コレに注目! 構内の桜
総務部庶務課 ハンドルネーム 幾重の桜(60代・男性)
春を象徴する花・桜。桜といえば、ソメイヨシノ、枝垂桜、八重桜など種類があり、日本各地に有名なスポットがあります。 昨年、富山県入善町で発見された新品種で、花びらが幾重にも重なり、まるで菊のように花を咲かせる桜、「入善乙女キクザクラ」をご存知でしょうか。日本では2例目になる新種の菊桜だそうです。 当社の正門そばにも、桜シーズンも終わりに近い4月末頃に、淡紅色の菊のようでぼんぼりのような花を咲かせる桜が1本あり、前から「他の桜とは様子が違うな」と気になっていました。

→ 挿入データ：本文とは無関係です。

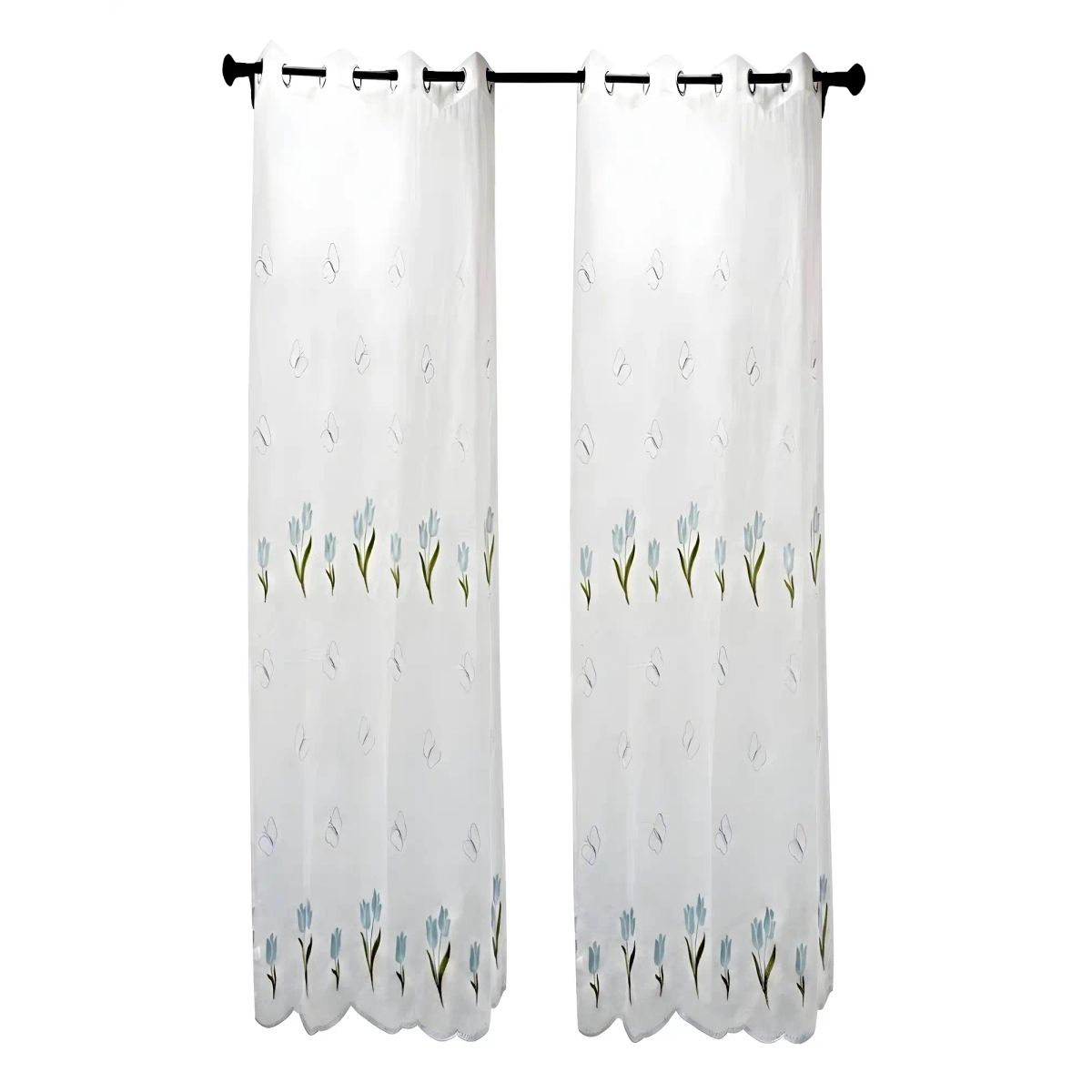 GENERICO - SET DE 2 VISILLOS BORDADOS  ELEGANCIA FLORAL Y CLARIDAD NATURAL PARA EL HOGAR 10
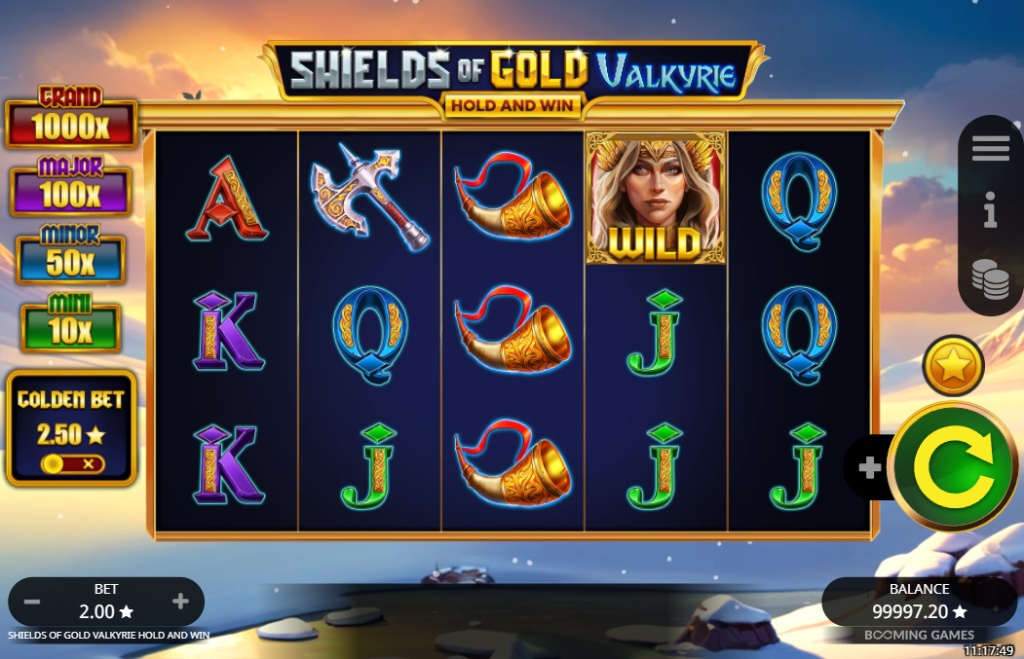The 5x4 game grid of the Shields of Gold Valkyrie slot, featuring the Valkyrie Wild symbol, Norse-themed icons, and a four-tier jackpot display on the left.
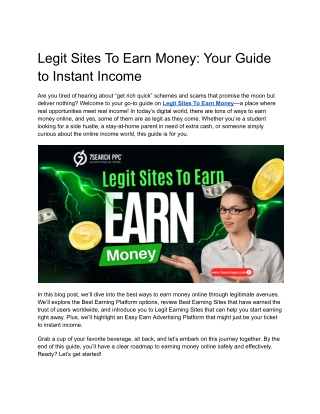 Legit Sites To Earn Money_ Your Guide to Instant Income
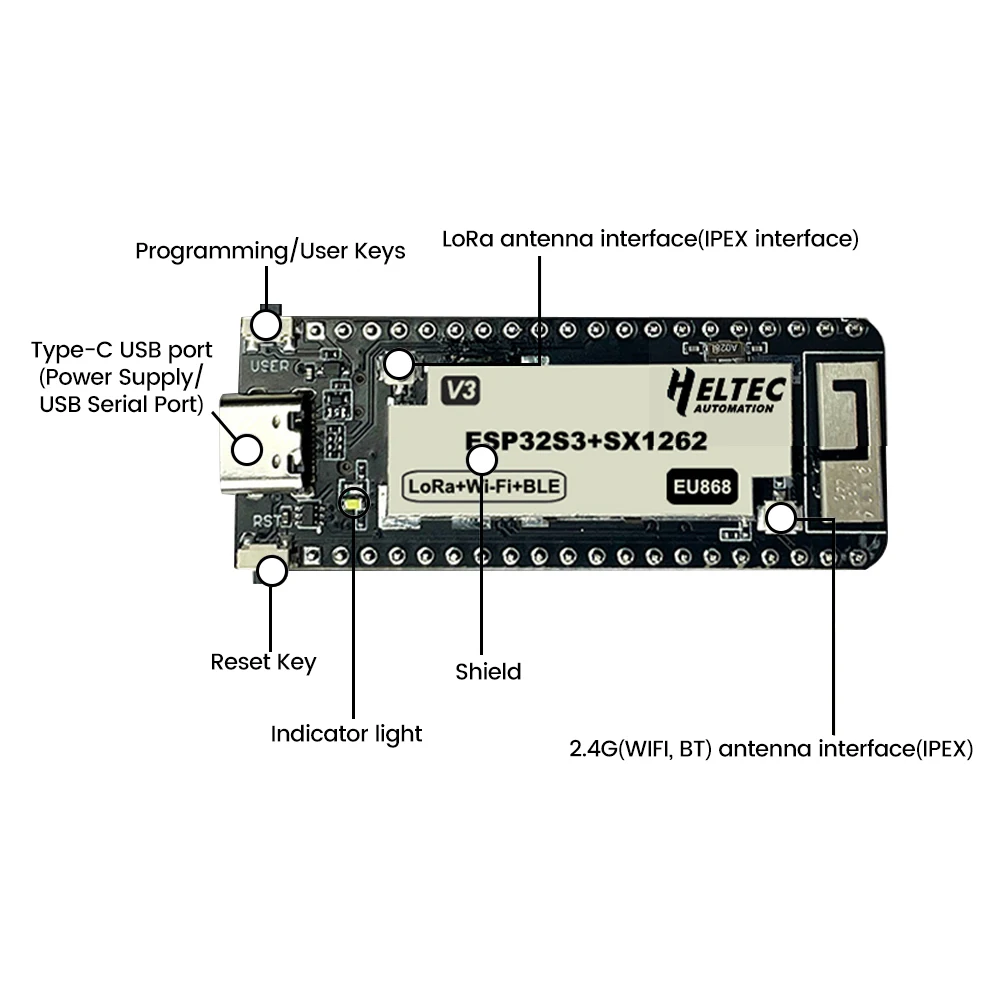Stick Lite ESP32 LoRa V3 Entwicklungs platine ESP32-S3FN8 CP2102 – Bild 5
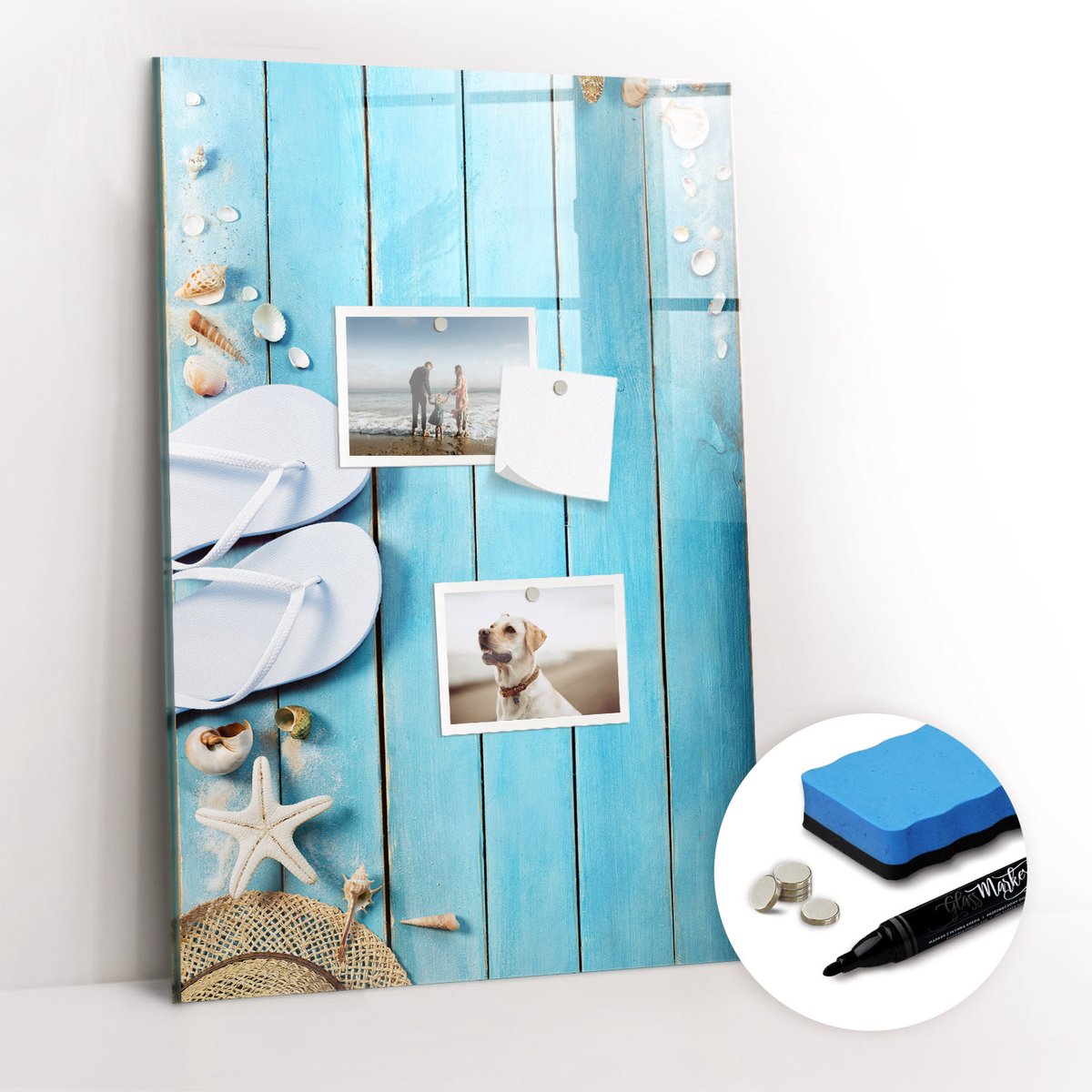 Tulup Whitebord - Blauwe strandplanken - 40 x 60 cm - Blauw Magneetbord Keuken - Gratis 5 Sterke Magneten + Whiteboard Marker & Wisser - Stylish Memo Board - Magneetbord Keuken - Organiseer Je Bureau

そんなとき、入善の菊桜のニュースを知り、「ひょっとして新品種かも」と思い、ルーツを辿りたくなって、昨年満開を迎えた折に一枝を持って富山県中央植物園を訪ね、調査を依頼し、後日回答をいただくことになりました。 「もし新品種だったら、名付けは『オオタニキクザクラ』だな」 期待に胸をふくらませ、ワクワクしながら帰路につきました。 数日後、植物園からついに回答がありました。結果は、残念ながら新品種ではなく、「ロッコウキクザクラ」という別の品種であることが判明しました。新品種でなく残念だったような、けれど大事にならなくて少しホッとしたような…。それにしても、「ロッコウキクザクラ」とは今まで耳にしない名前。詳しく聞いてみると、旧制第六高等学校(現在の岡山大学)の校庭があった桜だと記録されており、名前も学校名に由来して「六高菊桜」になったそうです。 実は高貴な菊桜 もう少し詳しく調べてみると、中世に消失したとされていた菊桜の種を、第六高等学校の教授が発見し、校庭で花を咲かせるようになってこの名がついた、という記事を見つけました。 その上、昭和6年には「六高菊桜」由来の苗木が宮中に献上され、その年に誕生された昭和天皇第四皇女子・順宮厚子内親王様(現在の池田厚子様)の“お印”に選ばれた花なのです。【情報元:(独)森林総合研究所】 植物園からは、花の形が不規則で、同じものがないのが特徴のこの六高菊桜は希少価値があるそうで、大事に育てて欲しいと言われました。正式名称がわかり一層愛着がわいたので、毎年きれいに咲いてくれるよう、病害虫予防について念には念を入れたいと思います。当社の近くにお越しの際は是非お立ち寄りいただき、きれいな六高菊桜にカメラレンズを向けていただければと思います。
大谷製鉄 正門そばの菊桜 ※クリックすると拡大します。
花びらが幾重にも重なる様子は菊の花にそっくり ※クリックすると拡大します。